Participants
We tested 26 children with ASD and 19 NT children (see
Table 1 for a summary of participant profiles). All eligibility criteria were determined through a literature review and pilot testing. Details of the recruitment criteria are summarized in
Table 2. Recruitment and research procedures were approved by the Institutional Review Board of the Shanghai Mental Health Center in accordance with the Declaration of Helsinki. Fully informed parents or guardians of the young children were required to provide written consent. Financial compensation was provided for participation.
The two groups of children were matched for sex composition, mean chronological age, attention, and handedness (all right-handed).

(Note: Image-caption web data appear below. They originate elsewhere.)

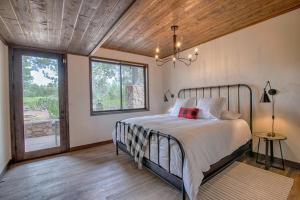 a bedroom with a bed and a large window at The Cabin Home in Show Low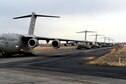 Eleven C-17 Globemaster IIIs line up on the runway at Moses Lake, Wash., after an airdrop during exercise Rainier War Dec. 10, 2015. Rainier War is a semiannual large formation exercise, hosted by the 62nd Airlift Wing, designed to train aircrews under realistic scenarios that support a full spectrum operations against modern threats and replicate today&#39;s contingency operations. (U.S. Air Force photo/Senior Airman Divine Cox)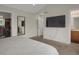 Spacious bedroom with a large TV, neutral colors and views of the en-suite bathroom and walk-in closet at 6260 E 114Th Ave, Thornton, CO 80233
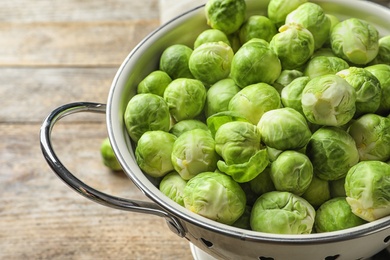 Photo of Colander with Brussels sprouts on wooden background, closeup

Most participants of the ASD group were outpatients from the Child and Adolescent Psychiatry of Shanghai Mental Health Center, and some were students or members from partner institutions. Participants from partner institutions were diagnosed at Grade III Level A hospitals between 3 and 7 years of age. To investigate SPIN abilities and the effects of HAT use among children with autism before auditory and cognitive stabilization, we recruited participants aged between 6 and 12 years. The working definition of auditory and cognitive stabilization here refers to the status of having adult-like auditory skills and cognitive abilities and maintaining generally consistent auditory and cognitive processing as a child grows older. According to previous behavioral and neurological studies (e.g., Edgar et al., 2020; Nettelbeck & Burns, 2010), children or adolescents aged above 12 years typically exhibit relatively stable and adult-like performance in both cognitive and auditory processing tasks. As dialectal influence could be an important factor, we made sure that the language background across participants or between the two groups were comparable with most participant families from Shanghai and some from neighboring cities speaking variants of the Wu dialect that are similar in phonological features and mutually intelligible to a great extent.

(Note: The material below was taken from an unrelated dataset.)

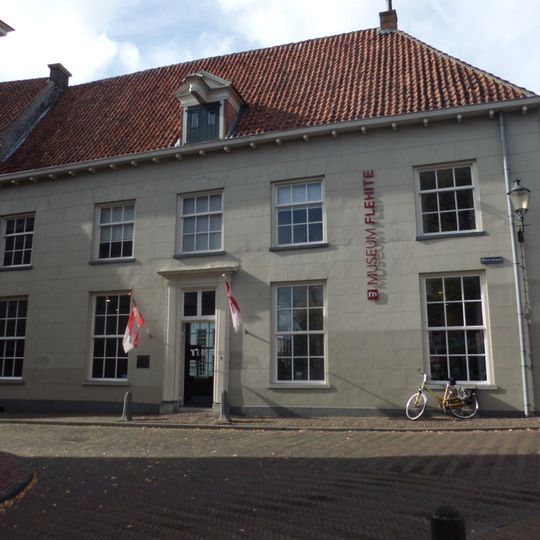 Gepleisterd huis met 19e-eeuws karakter. Dakkapel met hijsbalk. In gebruik bij Museum Flehite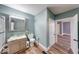 Bathroom boasts updated vanity, shower/tub combo, and stylish flooring at 1828 Central Ave, Columbus, IN 47201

All participants with ASD were further confirmed to meet the latest diagnostic criteria, the Diagnostic and Statistical Manual of Mental Disorders, 5th Edition (DSM-Ⅴ, American Psychiatric Association, 2013) by two veteran pediatric neurologists at the Child and Adolescent Psychiatry of Shanghai Mental Health Center, who are unrelated to the present study. The current diagnostical procedure could not utilize standardized diagnostic instruments widely applied in English-speaking populations, e.g., the Autism Diagnostic Observation Schedule (ADOS; Lord et al., 2000; Lord et al., 2012; Lord et al., 1989) and the Autism Diagnostic Interview–Revised (ADI-R; Lord et al., 1994) due to a series of practical issues, including no officially validated Chinese version, limited application, a lack of normative data, and a small number of certified examiners (Huang et al., 2012; Sun, Allison, Auyeung, et al., 2013; Sun, Allison, Matthews, et al., 2013). Instead, the Chinese versions of Autism Behavior Checklist (ABC; Krug et al., 1980) and Childhood Autism Rating Scale (CARS; Schopler et al., 1980) were jointly adopted to confirm the diagnosis and assess the severity level. In mainland China, both ABC and CARS have long been validated and widely adopted for diagnosing ASD in both research and clinical practice (e.g., Li et al., 2005; Li et al., 2018; Lu et al., 2004; Shan et al., 2021; Yang et al., 1993). Parents or relatives living with the child for at least three years filled out the ABC under the guidance of two licensed psychologists on the research team. All ASD participants’ scores were higher than 68. As suggested by Krug et al. (1980), total scores above 68 points indicate a high probability of autism. Meanwhile, the two pediatric neurologists, who are trained and qualified CARS examiners, accomplished the evaluation based on behavioral observations of children during other testing, inquiry of their past medical and/or developmental history, and reports of their parents and/or relatives. According to the CARS manual, a score at or above 30 strongly indicates the existence of ASD; more specifically, a score from 30 to 37 suggests mild to moderate symptoms, whereas a score from 38 to 60 suggests severe autism. In the current study, only one participant (Number 6) was characterized by severe symptoms with a total score of 40, while the rest had scores between 30 and 36.
All participants had an IQ above 70 and could repeat simple sentences. Their IQ was assessed by two certified examiners using the age-appropriate Wechsler Intelligence Scale for Children 4th edition-Chinese version (WISC-IV-Chinese) short form (Zhang, 2009), which is commonly used in clinical practice among children with neurodevelopmental conditions owing to its implementation efficiency and estimation accuracy (Hrabok et al., 2014). Noticeably, IQ differed significantly between the two groups and was included as a covariate in the statistical analyses.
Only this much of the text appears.